How to complete this task: Everything in the data below is left aside except the lines from the one containing "15004 Cherokee Drive N, Rogers, MN 55374" through the one containing "Dashlane - des"; repeat those exactly.

Provided material:
:::

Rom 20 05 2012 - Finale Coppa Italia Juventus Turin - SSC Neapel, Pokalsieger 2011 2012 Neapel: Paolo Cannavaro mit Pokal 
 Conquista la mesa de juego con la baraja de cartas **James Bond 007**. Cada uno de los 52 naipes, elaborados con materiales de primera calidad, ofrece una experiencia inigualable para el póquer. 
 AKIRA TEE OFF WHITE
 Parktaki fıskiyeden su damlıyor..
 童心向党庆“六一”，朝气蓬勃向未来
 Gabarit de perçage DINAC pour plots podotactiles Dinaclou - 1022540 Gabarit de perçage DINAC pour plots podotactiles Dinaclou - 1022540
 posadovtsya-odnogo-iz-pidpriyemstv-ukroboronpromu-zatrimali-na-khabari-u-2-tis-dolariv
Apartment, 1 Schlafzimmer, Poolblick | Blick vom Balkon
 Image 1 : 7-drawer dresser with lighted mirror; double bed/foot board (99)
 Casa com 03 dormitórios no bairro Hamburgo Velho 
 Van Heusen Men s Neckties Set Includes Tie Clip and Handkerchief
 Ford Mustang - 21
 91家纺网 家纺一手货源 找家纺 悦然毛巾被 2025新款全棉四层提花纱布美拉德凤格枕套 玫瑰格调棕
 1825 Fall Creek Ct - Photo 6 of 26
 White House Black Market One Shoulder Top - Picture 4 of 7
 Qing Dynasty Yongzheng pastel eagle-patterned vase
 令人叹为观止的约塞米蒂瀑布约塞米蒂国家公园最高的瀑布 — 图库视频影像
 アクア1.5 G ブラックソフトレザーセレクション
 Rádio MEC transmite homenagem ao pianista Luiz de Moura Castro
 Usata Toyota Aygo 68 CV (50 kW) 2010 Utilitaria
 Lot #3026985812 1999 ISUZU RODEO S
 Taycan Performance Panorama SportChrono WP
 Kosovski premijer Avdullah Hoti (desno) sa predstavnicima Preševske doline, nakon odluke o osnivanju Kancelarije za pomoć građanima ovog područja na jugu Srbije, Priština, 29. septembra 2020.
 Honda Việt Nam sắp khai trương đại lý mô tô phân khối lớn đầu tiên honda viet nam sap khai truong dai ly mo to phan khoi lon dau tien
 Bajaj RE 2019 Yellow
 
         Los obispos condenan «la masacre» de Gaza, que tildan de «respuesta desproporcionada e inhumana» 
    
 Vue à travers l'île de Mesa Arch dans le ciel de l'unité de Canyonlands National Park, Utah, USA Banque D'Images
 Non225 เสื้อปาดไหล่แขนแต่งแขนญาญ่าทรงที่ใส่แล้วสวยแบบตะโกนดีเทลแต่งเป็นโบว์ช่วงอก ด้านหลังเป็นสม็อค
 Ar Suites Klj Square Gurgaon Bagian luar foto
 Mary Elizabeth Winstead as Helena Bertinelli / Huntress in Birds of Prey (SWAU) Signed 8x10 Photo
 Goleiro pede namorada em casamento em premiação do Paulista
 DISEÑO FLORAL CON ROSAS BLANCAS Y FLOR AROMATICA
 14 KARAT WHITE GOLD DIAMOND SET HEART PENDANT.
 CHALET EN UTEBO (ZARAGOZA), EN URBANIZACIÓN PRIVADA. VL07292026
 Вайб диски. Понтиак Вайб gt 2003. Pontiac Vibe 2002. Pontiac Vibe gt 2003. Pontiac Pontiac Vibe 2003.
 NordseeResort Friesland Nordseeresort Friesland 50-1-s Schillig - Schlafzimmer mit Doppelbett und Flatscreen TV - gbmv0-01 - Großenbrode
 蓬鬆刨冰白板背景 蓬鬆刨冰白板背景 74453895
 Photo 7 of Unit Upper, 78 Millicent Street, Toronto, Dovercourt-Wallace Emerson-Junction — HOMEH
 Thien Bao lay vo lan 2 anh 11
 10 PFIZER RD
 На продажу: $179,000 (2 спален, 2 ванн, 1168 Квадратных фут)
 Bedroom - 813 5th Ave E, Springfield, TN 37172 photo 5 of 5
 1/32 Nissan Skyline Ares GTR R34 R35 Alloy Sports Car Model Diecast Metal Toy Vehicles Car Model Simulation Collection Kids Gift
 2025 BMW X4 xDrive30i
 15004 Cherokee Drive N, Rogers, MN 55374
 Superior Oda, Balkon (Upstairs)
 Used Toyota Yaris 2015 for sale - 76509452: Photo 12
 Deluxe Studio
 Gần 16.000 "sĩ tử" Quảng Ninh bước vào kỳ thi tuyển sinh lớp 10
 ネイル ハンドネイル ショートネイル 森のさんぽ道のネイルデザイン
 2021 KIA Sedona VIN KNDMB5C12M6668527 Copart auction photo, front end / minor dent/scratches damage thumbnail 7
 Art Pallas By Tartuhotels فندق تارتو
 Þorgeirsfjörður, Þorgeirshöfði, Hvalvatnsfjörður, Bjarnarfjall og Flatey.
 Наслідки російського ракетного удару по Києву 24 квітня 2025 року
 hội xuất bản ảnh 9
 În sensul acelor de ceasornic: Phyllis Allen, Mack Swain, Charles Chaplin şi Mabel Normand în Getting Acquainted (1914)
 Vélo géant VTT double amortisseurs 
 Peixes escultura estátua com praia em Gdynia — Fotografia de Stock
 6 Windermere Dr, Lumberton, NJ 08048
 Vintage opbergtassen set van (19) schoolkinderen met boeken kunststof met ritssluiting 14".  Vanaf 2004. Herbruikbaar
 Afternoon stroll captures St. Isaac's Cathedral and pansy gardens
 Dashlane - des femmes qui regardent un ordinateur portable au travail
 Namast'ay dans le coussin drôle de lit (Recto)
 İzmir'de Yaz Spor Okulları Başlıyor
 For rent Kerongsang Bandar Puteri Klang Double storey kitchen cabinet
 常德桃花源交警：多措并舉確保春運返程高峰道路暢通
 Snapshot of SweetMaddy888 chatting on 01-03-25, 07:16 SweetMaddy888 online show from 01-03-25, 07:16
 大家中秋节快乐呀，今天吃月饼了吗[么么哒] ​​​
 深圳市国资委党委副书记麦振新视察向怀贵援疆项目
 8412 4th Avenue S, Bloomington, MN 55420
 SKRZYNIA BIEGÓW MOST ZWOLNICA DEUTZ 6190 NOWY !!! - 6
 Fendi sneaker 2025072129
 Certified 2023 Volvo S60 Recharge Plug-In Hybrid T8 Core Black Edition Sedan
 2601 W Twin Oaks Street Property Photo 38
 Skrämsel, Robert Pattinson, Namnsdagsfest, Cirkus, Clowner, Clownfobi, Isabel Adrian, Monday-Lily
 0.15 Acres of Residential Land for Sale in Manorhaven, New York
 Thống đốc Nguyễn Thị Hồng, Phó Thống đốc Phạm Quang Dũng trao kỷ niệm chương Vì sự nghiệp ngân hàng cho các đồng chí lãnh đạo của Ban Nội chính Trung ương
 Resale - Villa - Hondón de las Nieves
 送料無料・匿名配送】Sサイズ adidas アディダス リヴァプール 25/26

:::

Solved problem:
 15004 Cherokee Drive N, Rogers, MN 55374
 Superior Oda, Balkon (Upstairs)
 Used Toyota Yaris 2015 for sale - 76509452: Photo 12
 Deluxe Studio
 Gần 16.000 "sĩ tử" Quảng Ninh bước vào kỳ thi tuyển sinh lớp 10
 ネイル ハンドネイル ショートネイル 森のさんぽ道のネイルデザイン
 2021 KIA Sedona VIN KNDMB5C12M6668527 Copart auction photo, front end / minor dent/scratches damage thumbnail 7
 Art Pallas By Tartuhotels فندق تارتو
 Þorgeirsfjörður, Þorgeirshöfði, Hvalvatnsfjörður, Bjarnarfjall og Flatey.
 Наслідки російського ракетного удару по Києву 24 квітня 2025 року
 hội xuất bản ảnh 9
 În sensul acelor de ceasornic: Phyllis Allen, Mack Swain, Charles Chaplin şi Mabel Normand în Getting Acquainted (1914)
 Vélo géant VTT double amortisseurs 
 Peixes escultura estátua com praia em Gdynia — Fotografia de Stock
 6 Windermere Dr, Lumberton, NJ 08048
 Vintage opbergtassen set van (19) schoolkinderen met boeken kunststof met ritssluiting 14".  Vanaf 2004. Herbruikbaar
 Afternoon stroll captures St. Isaac's Cathedral and pansy gardens
 Dashlane - des femmes qui regardent un ordinateur portable au travail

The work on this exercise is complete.